Waterloo — One of the nine victims who settled priest sex abuse claims with the Archdiocese of Dubuque Tuesday said the process was difficult, but she is glad she went through it.

"I do feel stronger having gone through this," said Rosalyn Zieser, 71, of Unity, Wis. "I just feel like someone has listened, finally, and I'm believed, and some restitution was made, and I'm valued now."

She spoke with the Courier after her attorneys and archdiocesan officials announced a $2.6 million settlement with the nine claimants. The archdiocese also agreed to pay for counseling. Dubuque Archbishop Jerome Hanus also will issue public and private apologies to the victims, as he did with a similar $5 million settlement with 20 claimants in February 2006.

Zieser, who has lived in Wisconsin since 1976 and is the mother or six grown children, said she was abused at age 10 by the Rev. Patrick McElliott in the late 1940s when he was at St. Patrick Catholic Church in Monti, in Buchanan County.

"I lived a lot of years with the results of this," she said. "I still had to go to confession to McElliott for seven or eight years, and I still had to go on a couple of high school retreats he had."

She was confused by what had happened. "He was like God, so why did he do that?" she said. "My parents worshipped him like he was God. My sister told them (of the abuse) years later," in the early 1990s. "Our dad did not want to believe. He became pretty angry at my sister."

It caused a family rift for some time.

Zieser suppressed some feelings and memories. "It was in the late '80s, closer to the '90s, that I realized it was bothering me," she said. "It was in the late '90s that I realized what he did was wrong."

After leaving Monti, McElliott served as pastor of St. John's Catholic Church in Waterloo from 1954 to 1963, and was the subject of suits alleging abuse during his tenure there. Some of those suits were part of the 2006 settlement. He died in Waterloo in 1987.

Zieser and other claimants in Tuesday's settlement resolved their claims through mediation rather than litigation.

That process was difficult, Zieser said. She and the other claimants underwent two psychiatric evaluations to determine the level of abuse they had suffered. They provided videotaped accounts of their abuse and were questioned by archdiocesan counsel.

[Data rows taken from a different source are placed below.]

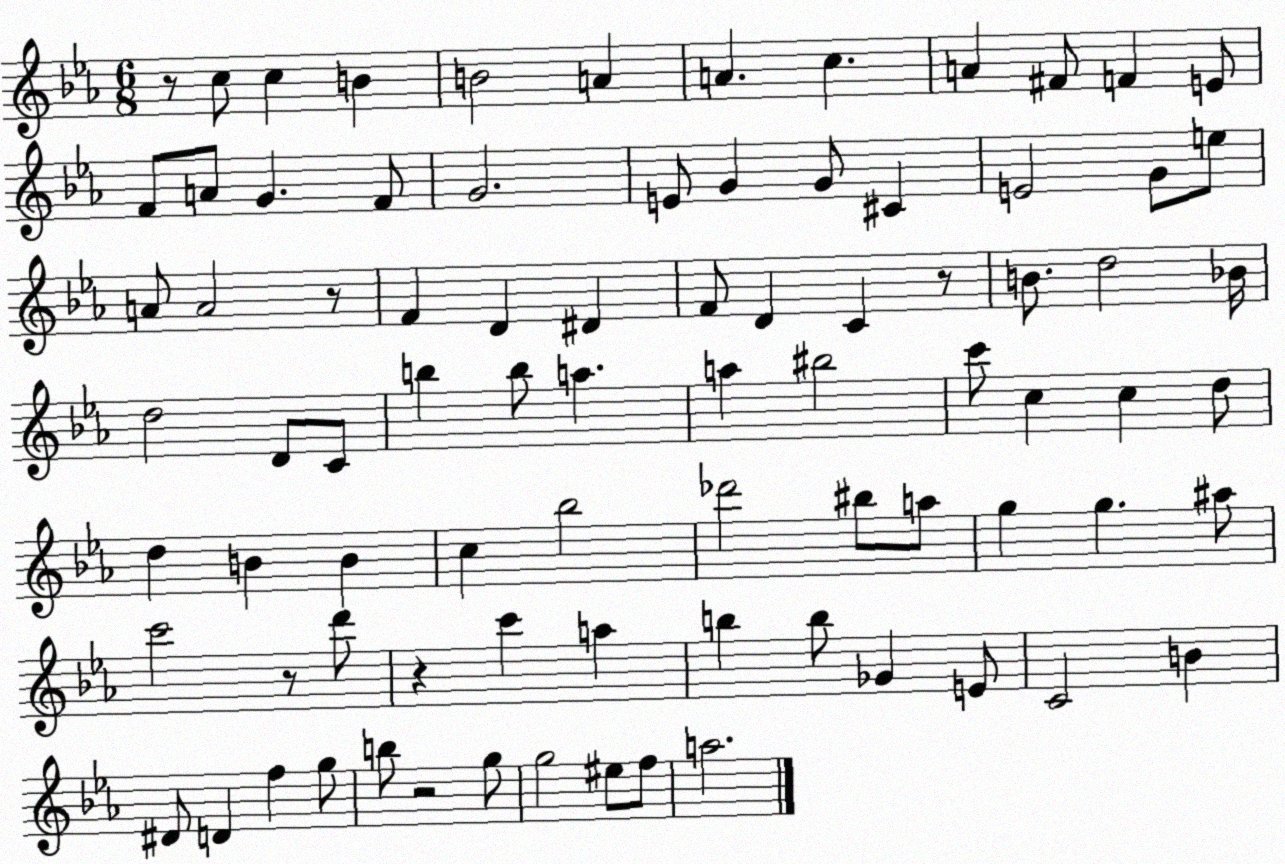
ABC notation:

X:1
T:Untitled
M:6/8
L:1/4
K:Eb
z/2 c/2 c B B2 A A c A ^F/2 F E/2 F/2 A/2 G F/2 G2 E/2 G G/2 ^C E2 G/2 e/2 A/2 A2 z/2 F D ^D F/2 D C z/2 B/2 d2 _B/4 d2 D/2 C/2 b b/2 a a ^b2 c'/2 c c d/2 d B B c _b2 _d'2 ^b/2 a/2 g g ^a/2 c'2 z/2 d'/2 z c' a b b/2 _G E/2 C2 B ^D/2 D f g/2 b/2 z2 g/2 g2 ^e/2 f/2 a2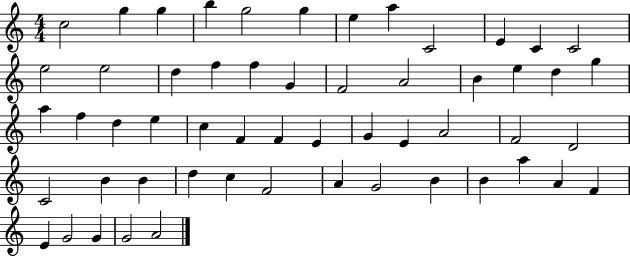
X:1
T:Untitled
M:4/4
L:1/4
K:C
c2 g g b g2 g e a C2 E C C2 e2 e2 d f f G F2 A2 B e d g a f d e c F F E G E A2 F2 D2 C2 B B d c F2 A G2 B B a A F E G2 G G2 A2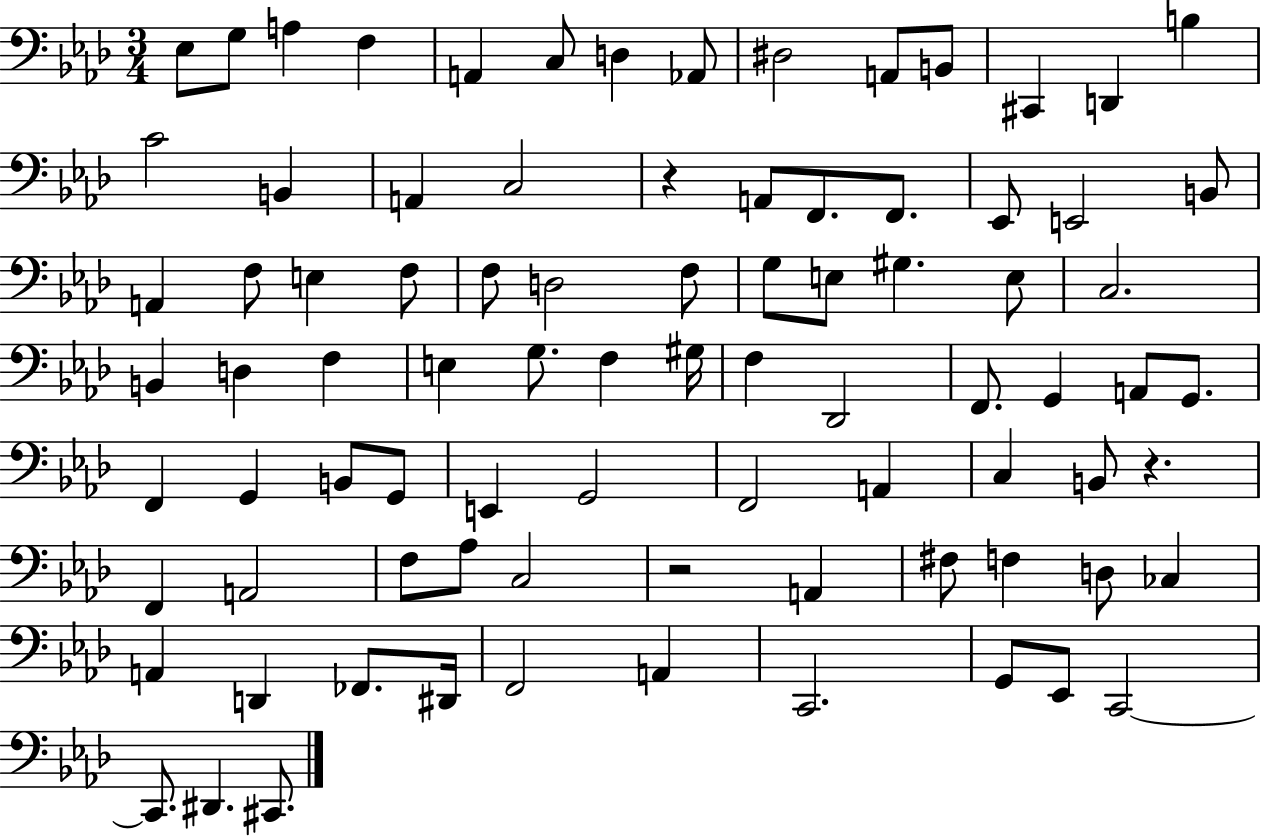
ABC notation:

X:1
T:Untitled
M:3/4
L:1/4
K:Ab
_E,/2 G,/2 A, F, A,, C,/2 D, _A,,/2 ^D,2 A,,/2 B,,/2 ^C,, D,, B, C2 B,, A,, C,2 z A,,/2 F,,/2 F,,/2 _E,,/2 E,,2 B,,/2 A,, F,/2 E, F,/2 F,/2 D,2 F,/2 G,/2 E,/2 ^G, E,/2 C,2 B,, D, F, E, G,/2 F, ^G,/4 F, _D,,2 F,,/2 G,, A,,/2 G,,/2 F,, G,, B,,/2 G,,/2 E,, G,,2 F,,2 A,, C, B,,/2 z F,, A,,2 F,/2 _A,/2 C,2 z2 A,, ^F,/2 F, D,/2 _C, A,, D,, _F,,/2 ^D,,/4 F,,2 A,, C,,2 G,,/2 _E,,/2 C,,2 C,,/2 ^D,, ^C,,/2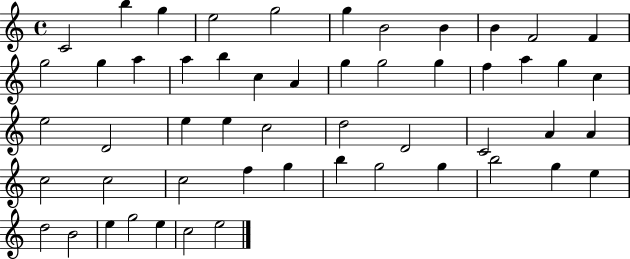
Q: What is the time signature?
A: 4/4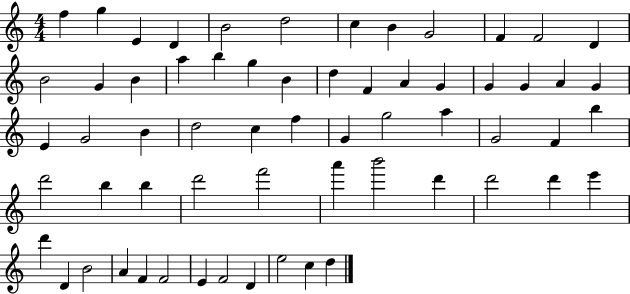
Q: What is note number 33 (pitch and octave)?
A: F5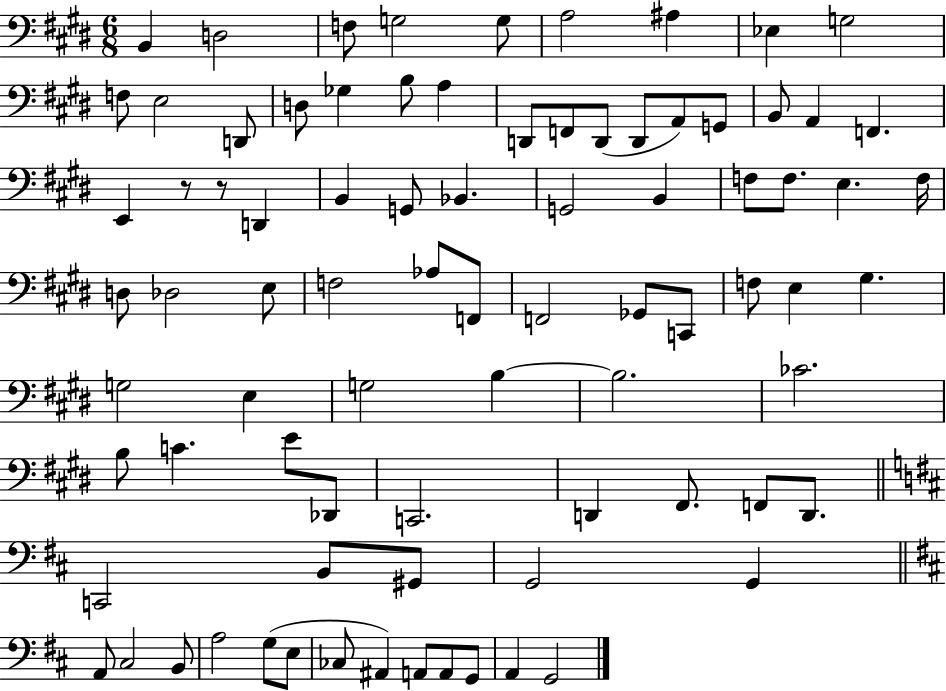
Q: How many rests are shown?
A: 2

"With the process that everyone went through, there's no way that I would have continued if it weren't true," she said.

"Some people think we're trying to hurt the church by taking settlements. I needed to do this," Zieser said. "I really need to restore my confidence, my courage, my self-esteem. I really needed this restoration and this process.

"Archbishop Hanus finally listened," Zieser said. "I think he has a long way to go yet to reach out to everyone" who has been abused. "I don't think they've opened the floodgates yet."

Hanus has repeatedly apologized for past priest abuse and inaction by archdiocesan officials at a number of public events, and has offered to meet personally with victims. Hanus appointed a review board that drafted a policy on handling clergy sex abuse complaints following mandates of a 2002 Dallas bishops conference, created an Office for the Protection of Children, appointed victim witness coordinators to work with victims and instituted an anti-sexual-abuse training program for archdiocesan personnel.

While Zieser doesn't believe the archdiocese has totally opened up to victims, she has no regrets about the settlement process, however rigorous.

"I know I did all I could to fix this for myself," she said. "I'll never be sorry I went through this. I hope it'll give some courage to others. It opened up all the old wounds. But now, they'll heal better." She studied at Viterbo University in La Crosse and is working on a book on "strong women in the Bible" she is trying to get published.

The settlement included accusations against six priests involving incidents from the 1940s through the mid-1990s. Chad Swanson of Waterloo, one of the attorneys representing the claimants, noted his firm's press release on the settlement contained an error on the parish affiliations of one of the abusive priests. The late Rev. Joseph Patnode was alleged to have abused one of the nine victims in the early 1970s while he was at St. Patrick's Catholic Church in Anamosa, not Nevada, as the original release indicated.